New workers' movement
The lion's share of these protests are by parts of the new workers' movement, which has been growing here for several years. The official trade unions and syndicates, more than 4000 in total, were sewn up by US-backed dictator Hosni Mubarak's ruling misnamed National Democratic Party (NDP), but in the last few years underground independent unions have been forming out of wildcat struggles within Egypt's major factories and businesses. Now there's more than 150 independent unions, and more are being established all the time; some of these unions have won official recognition, and are leading struggles – both for economic demands like better pay and conditions, but also for structural reforms, to get rid of Mubarak's cronies and for more workers' control.
For example, one protest march I saw was by secondary school teachers, who are striking for better pay, demanding the removal of the minister and more funding for public education – a major issue, as all Egyptian families have to shell out for either private schooling or extra tuition due to the inadequacy of the state schools.
The key figureheads of the old regime are imprisoned or on trial in absentia, but in pretty much every big business, ministry or government department and public service – Mubarak-era cronies are still in power, and the networks of corruption still exist. The repression of protest and activism may have eased up since February 11, but corruption – such as the bribes to get things done in the system – have worsened.
On this basis, it's clear to most Egyptians that the revolution hasn't changed much yet, but the revolutionary movement still seems to have the support of most people on the street. The trade union movement is a big part of this – revolutionaries aren't just talking about the nebulous structure of the whole political class, or rights and class in an abstract way, but also conducting campaigns against specific individual figures at all levels of power, who ordinary people know are corrupt and are stooges of the rich and the Supreme Council of Armed Forces (which, thanks to years of billion-dollar blank cheques from the US, owns of huge swathes of industry).
Meeting with comrades of the Egyptian Socialist Party (a socialist unity project which seems like the closest thing here to Germany's Die Linke or Australia's Socialist Alliance) was really illuminating, especially for putting the particular struggles in context and finding out more about what's been going on with the independent trade union movement. It's a very radical movement. The Egyptian Socialist Party and other revolutionary socialists have prioritised working in this area, which is one of the reasons why it's been growing so successfully.

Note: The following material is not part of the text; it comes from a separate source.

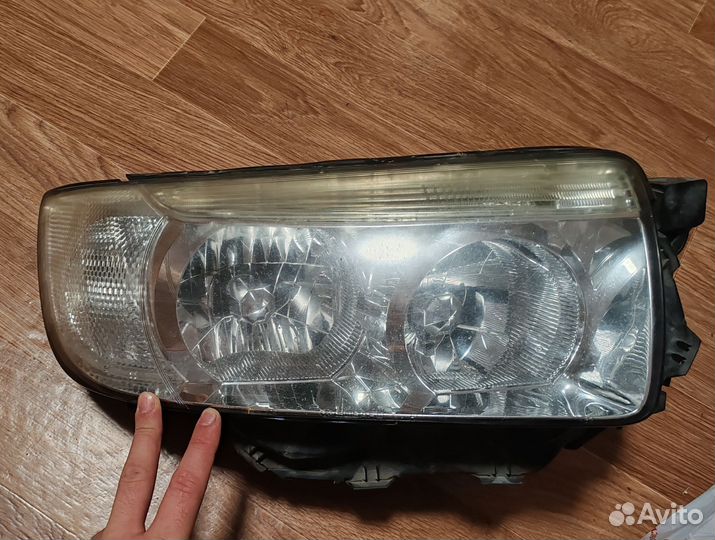 Передняя правая фара на subaru forester sg5
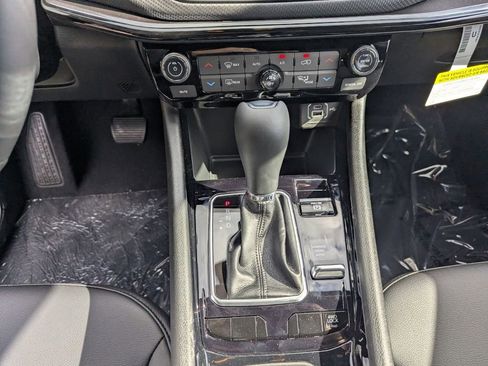 New 2026 Jeep Compass Limited image 15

Key leaders of the democracy movement are also affiliated to one or another of the socialist parties, united under the banner of the "Coalition of Socialist Forces" – the Revolutionary Socialists have been joined by several of the leading blogger/democracy activists, while the Egyptian Socialist Party, for example, has joined by many of the leaders of the Kefaya movement, which grew as a grassroots opposition force in 2004-2005 before stagnating somewhat after disappointing electoral results saw the Muslim Brotherhood become the main parliamentary opposition.
A big part of the inability of the democracy movement to make much ground up until now has been its inability to link with the urban poor and disadvantaged rural communities (something the Muslim Brotherhood has until now done much more successfully). So the unity between the different areas of struggle has been a key part in the success and growth of the revolutionary movement in the last six months; a key part of the democracy element right now, for example, is getting rid of the anti-strike and anti-demonstration laws imposed by the Supreme Council of the Armed Forces following the overthrow of Mubarak, as well as the state of emergency law. This obviously helps relate the democracy struggle to the mass working-class uprising going on.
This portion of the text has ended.